Segment Start: Data provided

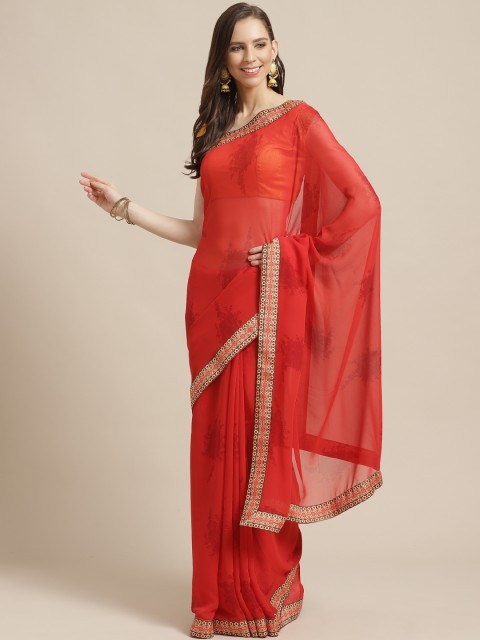 

KALINI Red Floral Printed Saree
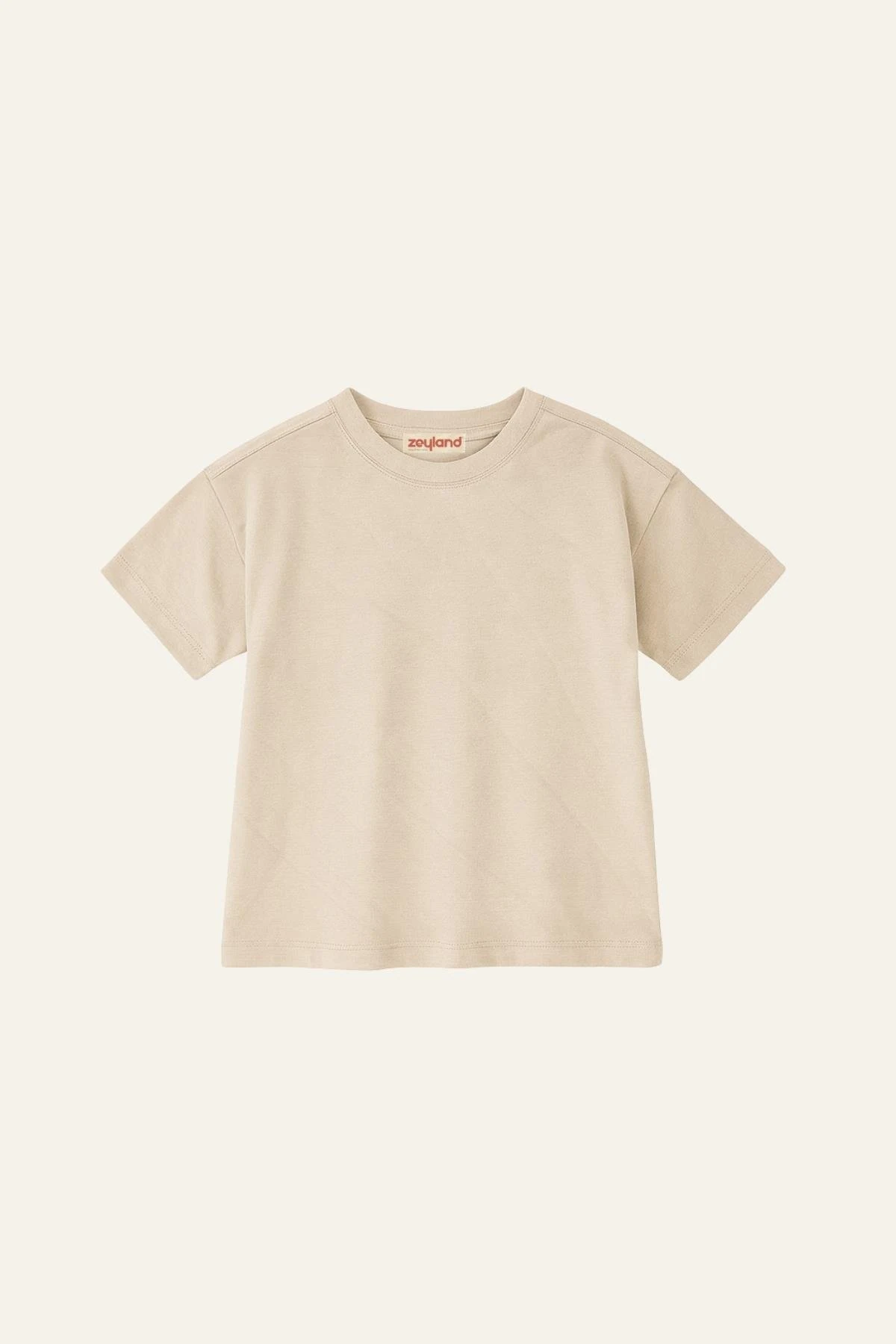 Kısa Kol Basic T-shirt - Bej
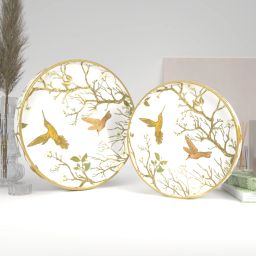 Ember Gloriole Decorative Round Set for Serving & Kitchen Use, Wooden Tray-image-0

Segment End: Data provided

**How to complete this task**
Only text belongs in the copy: repeat each line of the data exactly and leave out the pictures.

**Result of the task**
KALINI Red Floral Printed Saree
 Kısa Kol Basic T-shirt - Bej
 Ember Gloriole Decorative Round Set for Serving & Kitchen Use, Wooden Tray-image-0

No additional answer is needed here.